• RAW DATA:
________________________
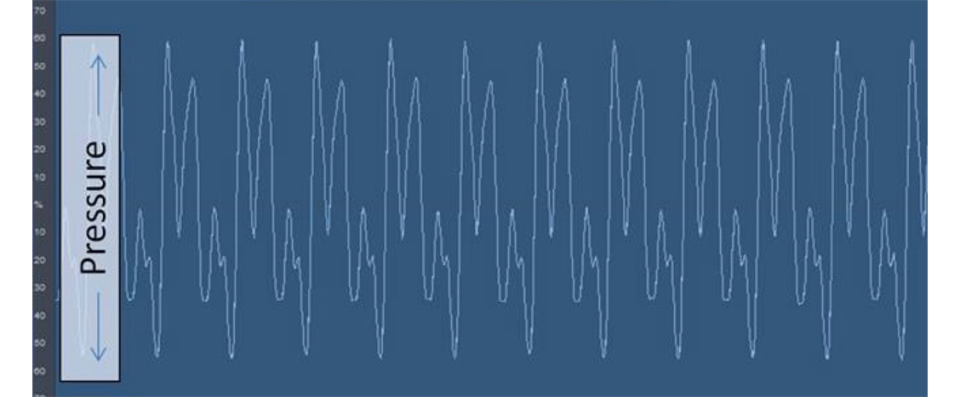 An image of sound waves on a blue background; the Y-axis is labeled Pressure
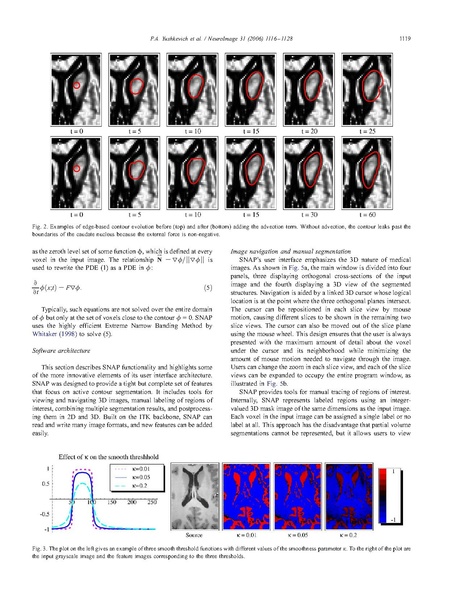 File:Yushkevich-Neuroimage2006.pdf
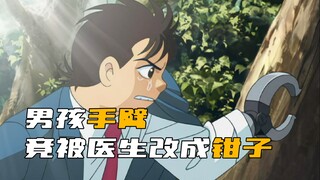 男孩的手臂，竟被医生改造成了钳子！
________________________
• WORK ITEM: In the reply, each line of the data must appear exactly as written, and no picture may appear.

• EXERCISE SOLUTION:
 An image of sound waves on a blue background; the Y-axis is labeled Pressure
 File:Yushkevich-Neuroimage2006.pdf
 男孩的手臂，竟被医生改造成了钳子！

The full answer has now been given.